WHAT IS EXPECTED.
Your answer must be a word-for-word copy of the listing below, minus its pictures.

THE DATA.

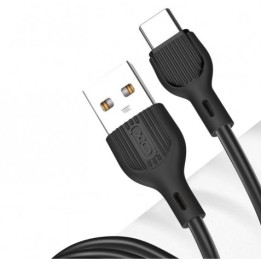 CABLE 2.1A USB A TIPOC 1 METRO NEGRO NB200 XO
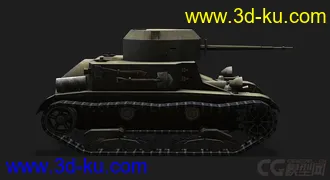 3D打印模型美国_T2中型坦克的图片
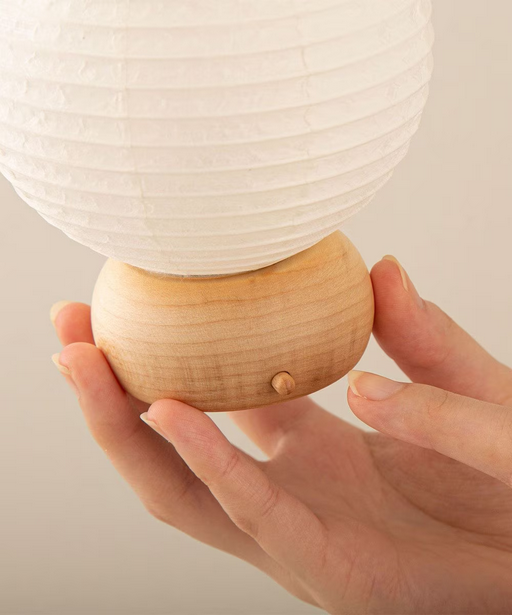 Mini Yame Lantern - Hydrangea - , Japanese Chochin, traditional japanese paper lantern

TASK SOLUTION.
 CABLE 2.1A USB A TIPOC 1 METRO NEGRO NB200 XO
 3D打印模型美国_T2中型坦克的图片
 Mini Yame Lantern - Hydrangea - , Japanese Chochin, traditional japanese paper lantern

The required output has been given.